USING GAME THEORY IN DECENTRALIZATION AND POLICY MAKING

Using Game Theory in Decentralization and Policy Making | Igor MUNTEANU  

Abstract: Since 1994, Moldova engaged in a systematic process of devolution by recognizing the need to share substantial powers to its sub-national governments. Devolution remains yet largely an asymmetrical endeavor prone to conflicts and centrifugal rifts. By 1994 Constitution, some territories have been entitled to get far-reaching devolved powers, while others remained the object of centralist policies, receiving but some embryonic shares of self-governance. As part of its domestic conciliation policy, Moldova recognized a sort of ‘internal self-determination’ to the region of Gagauz settlements, suggesting a readiness to employ this model for another conflict-prone region Transnistria. Any variable of political settlement will extensively depend not only on the legal and political elements of the negotiated status-quo, but also on the strategic interaction of domestic actors, national-wide consensus on the costs and benefits of integration, external actors agenda, as well as on the perceived success or failure of the regional autonomy devolution.

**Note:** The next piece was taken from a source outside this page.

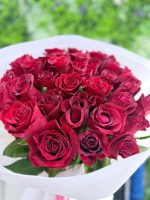 Midnight Crimson Roses Bouquet/30 Red Roses - Image 2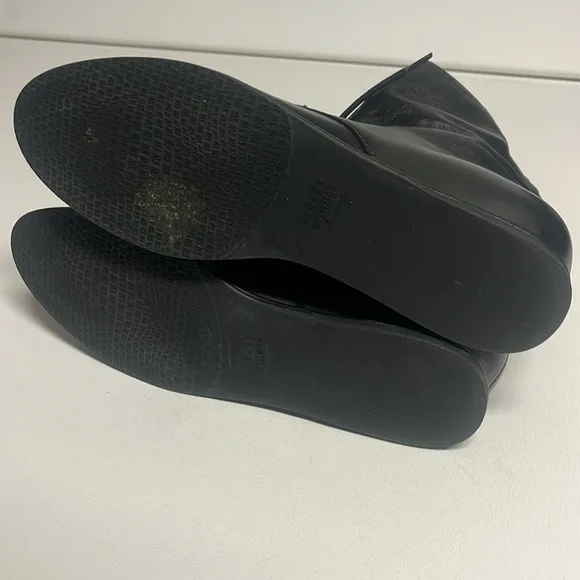 Stuart Weitzman Black Leather ankle Flat Lace Up Boots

This region represents only 4.5% of the country’s population; central government faced a challenging task to reconcile the special provisions of the Gagauz autonomy, making sure that the national legislation is also homogenously implemented across the country. This reflects an essential asymmetry between the ‘conventional SNGs’ and other SNG belonging to the Gagauz region. Devolution is also advancing for cities and villages, but their autonomy is rather limited. Based on local autonomy principles, Government pursues the objective to define and implement a strategy of devolution, first of all as a matter of political necessity, and second as an element of its adaptation to the norms and standards of local governments in Europe. These asymmetries create a playground for increased interactions between the agents of this game, with rules, tradeoffs that can be modeled with the game theory variations.

Keywords: Devolution; decentralization, policy making, autonomy, region, interactions between local actors, tradeoffs, powers, integration.